Exercise prompt → Reproduce the data exactly and drop any pictures it holds.

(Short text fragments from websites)
-----

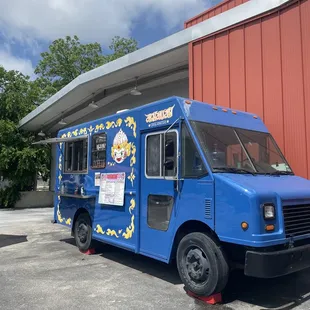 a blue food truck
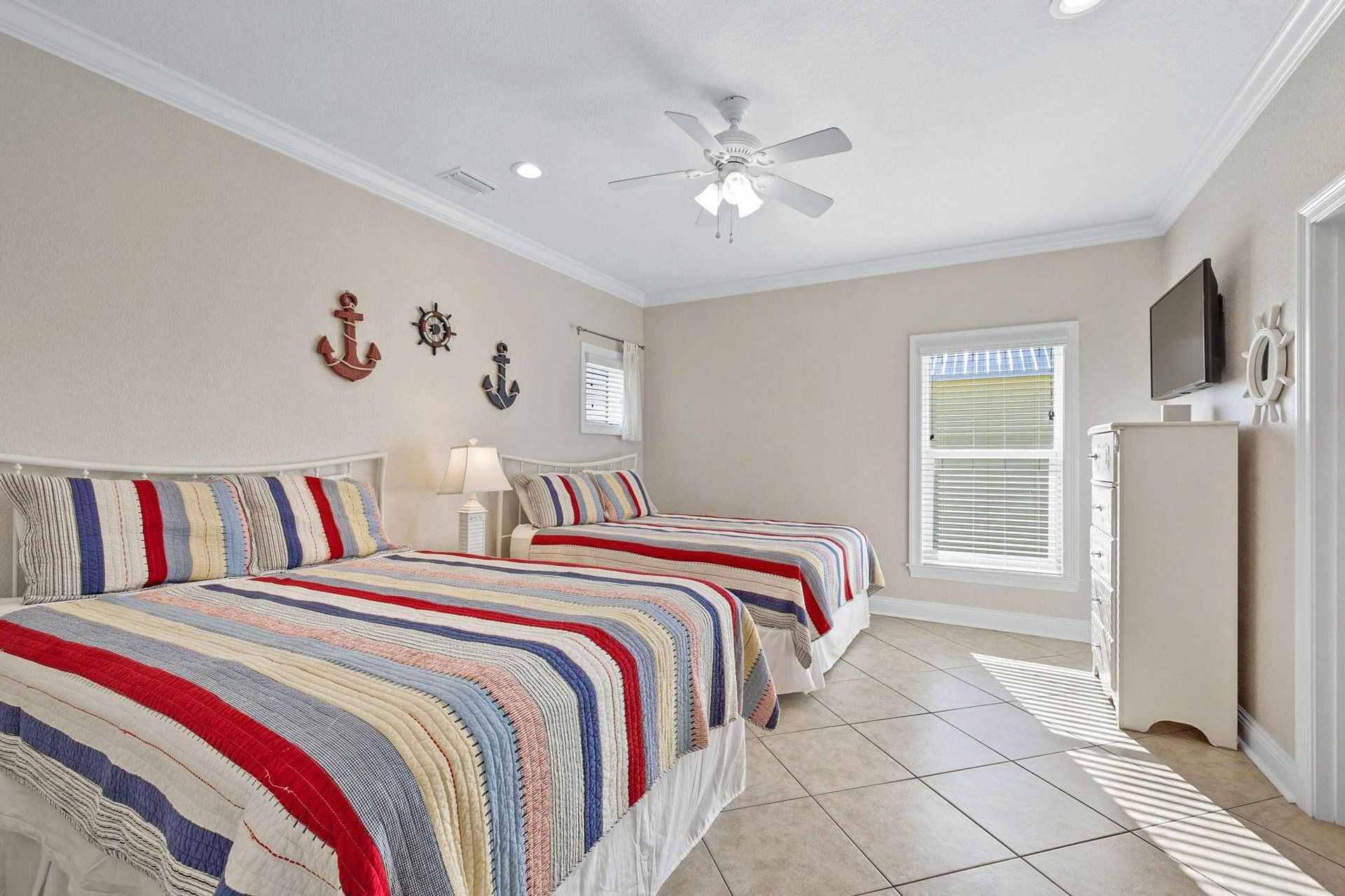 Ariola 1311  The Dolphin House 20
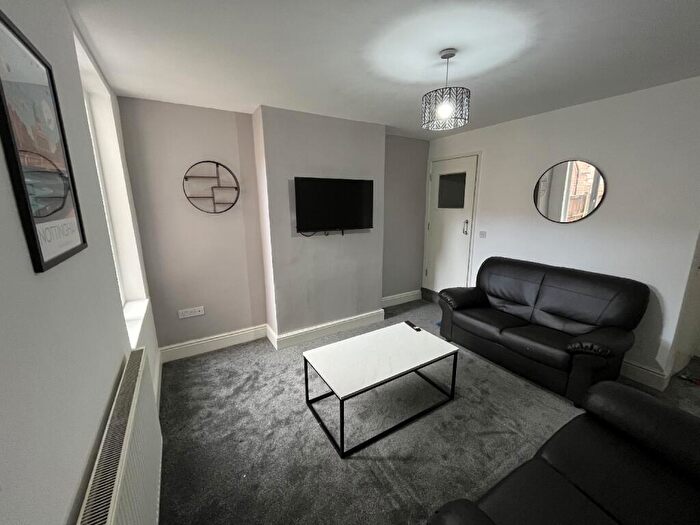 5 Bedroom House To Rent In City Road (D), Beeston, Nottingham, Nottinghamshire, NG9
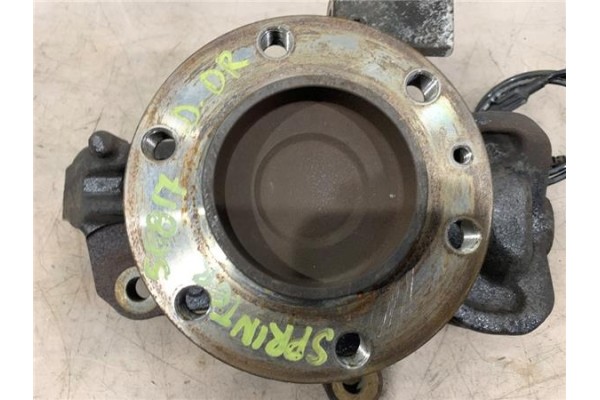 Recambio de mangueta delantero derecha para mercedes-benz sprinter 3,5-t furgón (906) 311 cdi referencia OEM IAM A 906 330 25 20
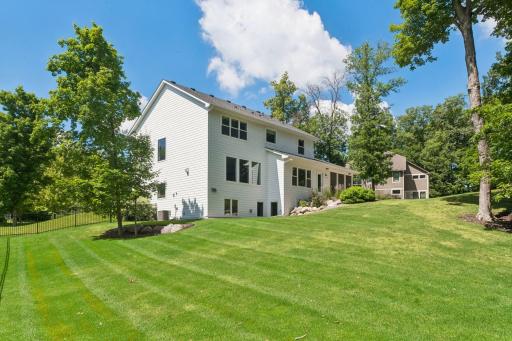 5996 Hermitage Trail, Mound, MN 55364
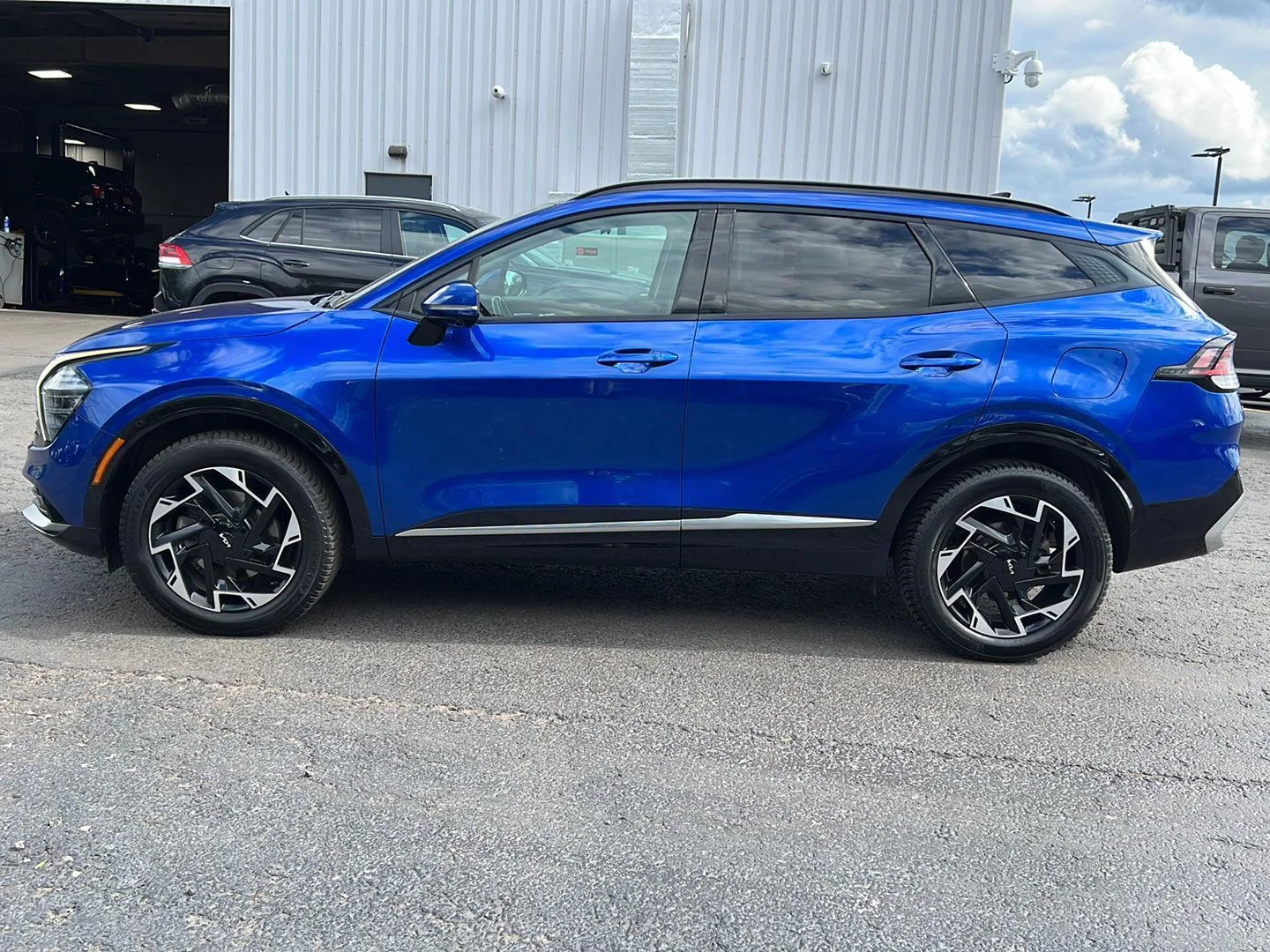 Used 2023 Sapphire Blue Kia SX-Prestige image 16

-----

Output →
 a blue food truck
 Ariola 1311  The Dolphin House 20
 5 Bedroom House To Rent In City Road (D), Beeston, Nottingham, Nottinghamshire, NG9
 Recambio de mangueta delantero derecha para mercedes-benz sprinter 3,5-t furgón (906) 311 cdi referencia OEM IAM A 906 330 25 20
 5996 Hermitage Trail, Mound, MN 55364
 Used 2023 Sapphire Blue Kia SX-Prestige image 16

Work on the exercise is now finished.